Supply chain whirl

The supply chain at Whirlpool Corp. in 2000 was broken. Indeed, a manager there at the time quipped that among the four major appliance makers in the U.S., Whirlpool ranked fifth in delivery performance.

“We had too much inventory, too little inventory, wrong inventory, right inventory/wrong place, any combination of those things,” says J.B. Hoyt, who was then supply chain project director. He says a sales vice president approached him one day and said he’d accept even worse performance from supply systems if they would just be consistent rather than wildly bouncing back and forth between good and poor production and shipping plans.

So in 2001, Benton Harbor, Mich.-based Whirlpool embarked on a multiproject global overhaul of its supply chain systems. The metaproject remains a work in progress today, with a number of systems yet to be rolled out and some major technical issues to be resolved. But managers at Whirlpool say its success to date — including huge improvements in customer service and reduced supply chain costs – is providing the psychological and financial impetus to drive the remaining systems work.

Whirlpool CIO Esat Sezer says that by 2000, the company had grown by acquisition and geographic expansion to the point that old systems, stitched together by spreadsheets and manual procedures, couldn’t cope with the exploding complexity.

“Our supply chain was becoming a competitive disadvantage for us,” he says. Availability — the percentage of time a product is in the right place at the right time — was an unacceptably low 83%, even as inventories remained too high overall.

The homegrown supply systems were primitive and not well integrated with the company’s SAP ERP system, which had been installed in 1999, or with a legacy production scheduling system, Sezer says. And they weren’t integrated with the systems of major wholesale customers or suppliers of parts and materials. “The plans we were creating weren’t linking back into reality,” he says.

In particular, Sezer says, supply chain systems weren’t fine-grained enough, nor were they very good at juggling priorities and constraints except through slow and cumbersome manual methods.
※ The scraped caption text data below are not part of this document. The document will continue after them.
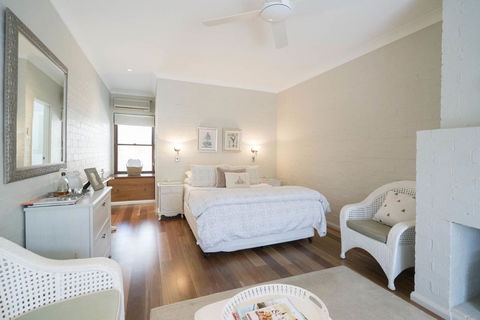 Thistle Hill Guesthouse - Walk To Many Wineries And Restaurants - Redcliffe Tourism 43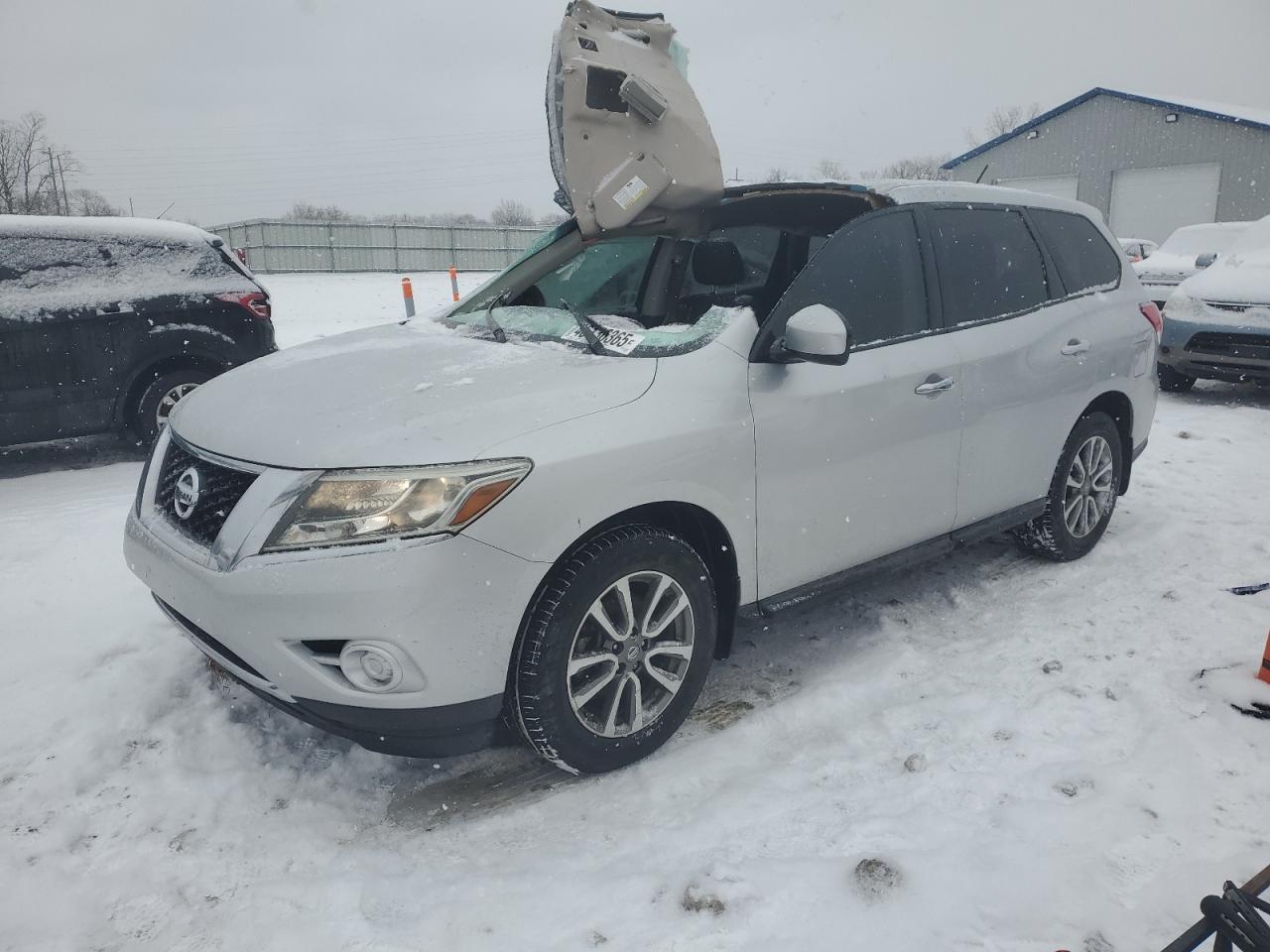 2013 Nissan Pathfinder S იყიდება Barberton-ში, OH - Top/Roof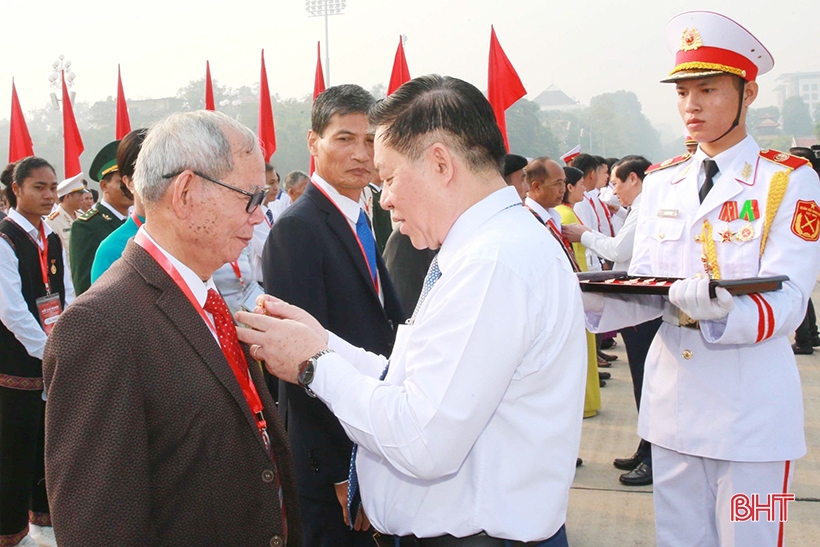 Ha Tinh tiene una persona honrada como ejemplo nacional típico de estudio y seguimiento del tío Ho.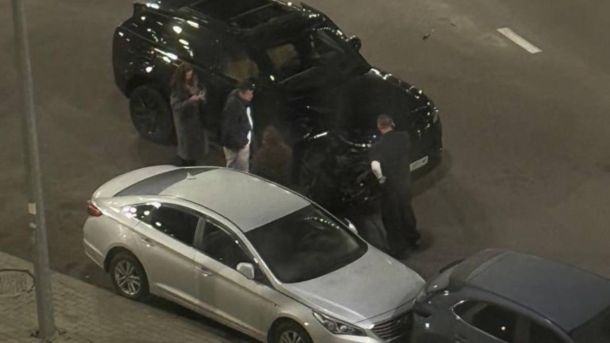 Чорний Range Rover після зіткнення з припаркованими автомобілями вночі у Подільському районі Києва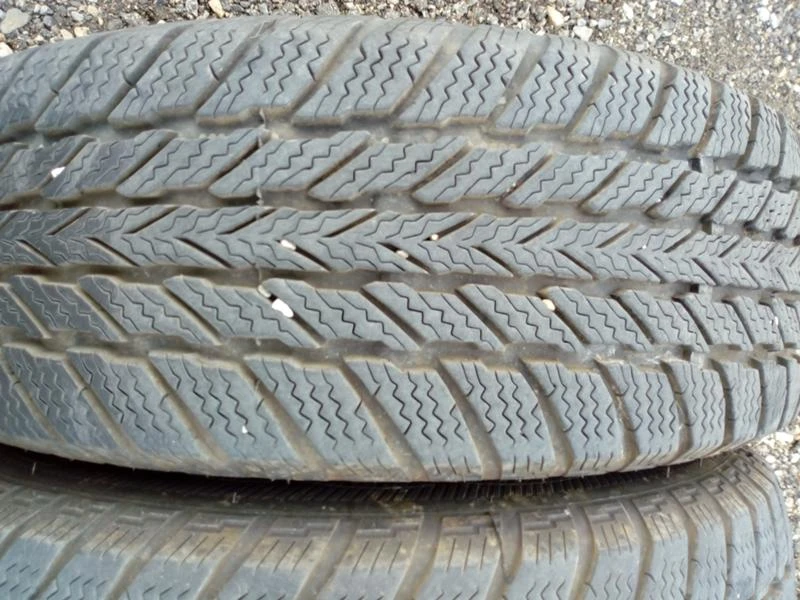 Гуми Зимни 175/65R14, снимка 3 - Гуми и джанти - 28002903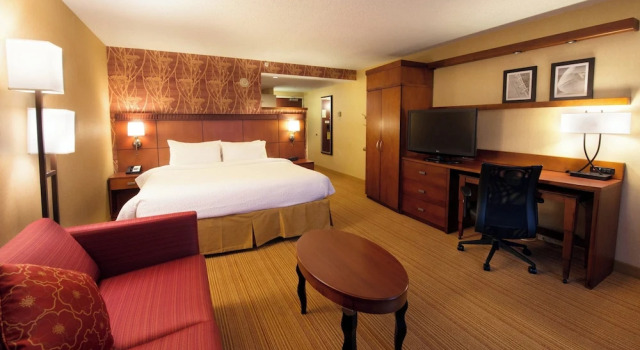 Номер Executive Courtyard by Marriott Canton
Often, they would optimize locally – a single product line at one location, for example – but not for the supply chain as a whole.

Here’s what Whirlpool was using for its North American supply chain in 2000:

• A homegrown production scheduling system, the Whirlpool Manufacturing Control System (WMCS), which was developed in the mid-1980s and extensively modified over the years.

• SAP AG’s R/3 ERP system, which was installed in 1999 and used for transaction-processing applications such as accounting and order processing.

• i2 Technologies Inc.’s Demand Planner (now called Demand Manager), which was installed in 1997 and used for demand forecasting.

• A system for distribution planning that was custom-developed for Whirlpool in the 1980s that used optimization software from ILOG Inc. Then, in 2001, Whirlpool began to implement an advanced planning and scheduling (APS) system. It included a suite of supply chain integration and optimization tools from i2 — Supply Chain Planner for Master Scheduling, Deployment Planning and Inventory Planning. Those three modules, the heart of Whirlpool’s efforts to fix its supply chain, went live in three phases over 2001 and 2002.

In mid-2002, Whirlpool installed the i2 TradeMatrix Collaborative Planning, Forecasting and Replenishment (CPFR) system, a Web-based collaboration tool for sharing and combining the sales forecasts of Whirlpool and its major trade partners — Sears, Roebuck and Co., Lowe’s Cos. and Best Buy Co.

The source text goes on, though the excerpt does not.